I have a Dataframe that represents co-occurrence of words and a value that represents a probability of their orders.
If my sentence is "A B C D E"
, then my co-occurrence table looks like this (simplified example):
val tempDF = spark.createDataFrame(Seq(
(0, "A", "B", "1.2"),
(1, "B", "A", "0.2"),
(2, "B", "C", "2.2"),
(3, "C", "B", "4.2"),
(4, "D", "E", "1.2"),
(5, "E", "D", "5.2")
)).toDF("id", "keyword1", "keyword2", "val").withColumn("id", monotonically_increasing_id())

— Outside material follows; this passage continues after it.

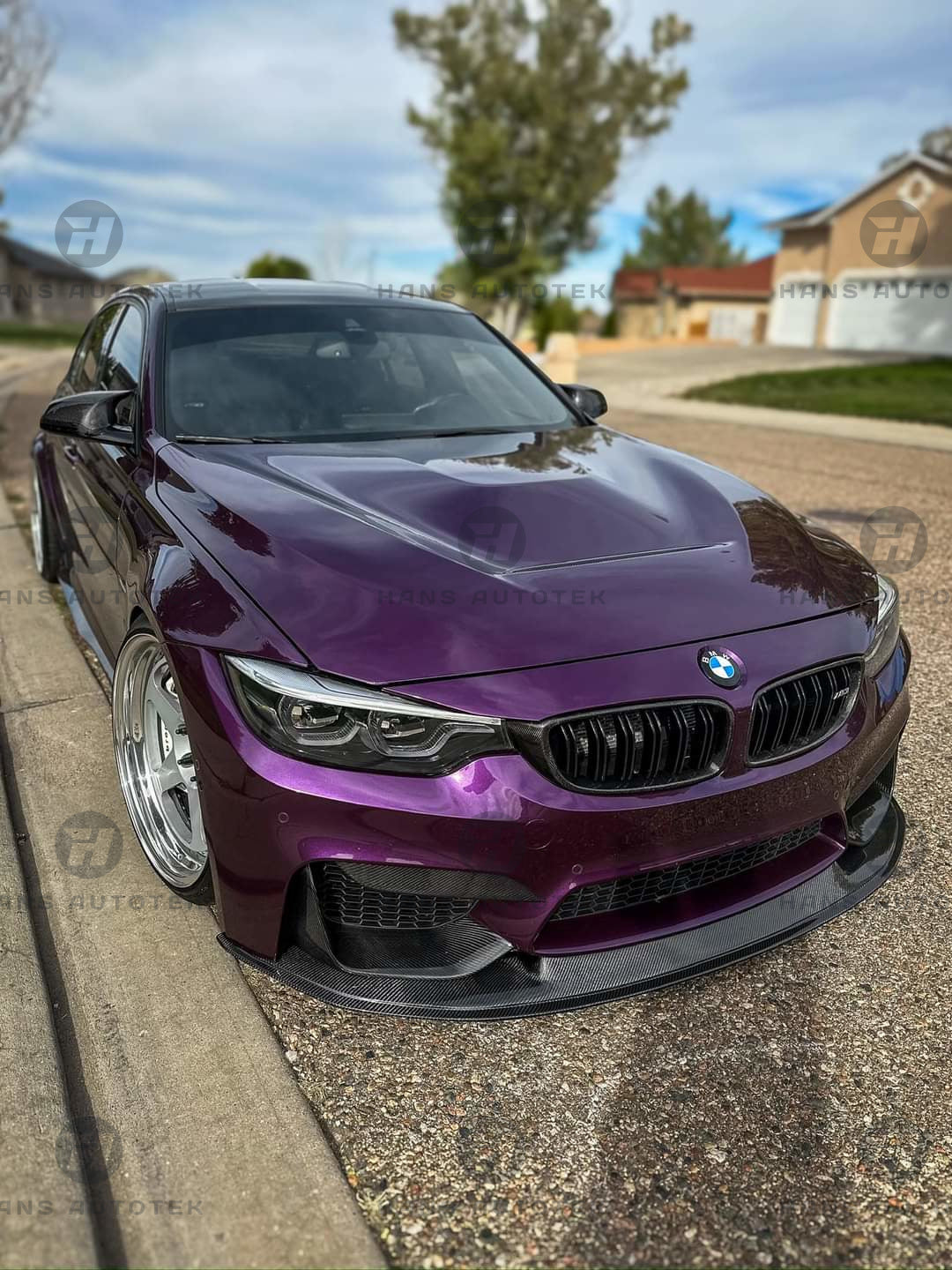 GTS Style V2 Real Carbon Fiber Front Lip Splitter FOR BMW F80 F82 F83 M3 M4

+---+---------+---------+---+
|id |keyword1 |keyword2 |val|
+---+---------+---------+---+
|0 |A |B |1.2|
|1 |B |A |0.2|
|2 |B |C |2.2|
|3 |C |B |4.2|
|4 |D |E |1.2|
|5 |E |D |5.2|
+---+---------+---------+---+
I know how to remove the duplicate pairs. In case of A B
and B A
, I can do as follow to keep either A B
or B A
when I don't care about the val
column:
tempDF.where(tempDF("keyword2") < tempDF("keyword1"))
+---+---------+---------+---+
| id|keyword1 |keyword2 |val|
+---+---------+---------+---+
| 1| B| A|0.2|
| 3| C| B|4.2|
| 5| E| D|5.2|
+---+---------+---------+---+
The question is, what is the way (efficient if possible) to keep the pair that has the greater value of its reverse? This is my ideal result:
+---+---------+---------+---+
|id |keyword1 |keyword2 |val|
+---+---------+---------+---+
|0 |A |B |1.2|
|3 |C |B |4.2|
|5 |E |D |5.2|
+---+---------+---------+---+
Real example:
val wordDataFrame = spark.createDataFrame(Seq(
(0, Array("Hi", "I", "heard", "about", "apache", "spark"))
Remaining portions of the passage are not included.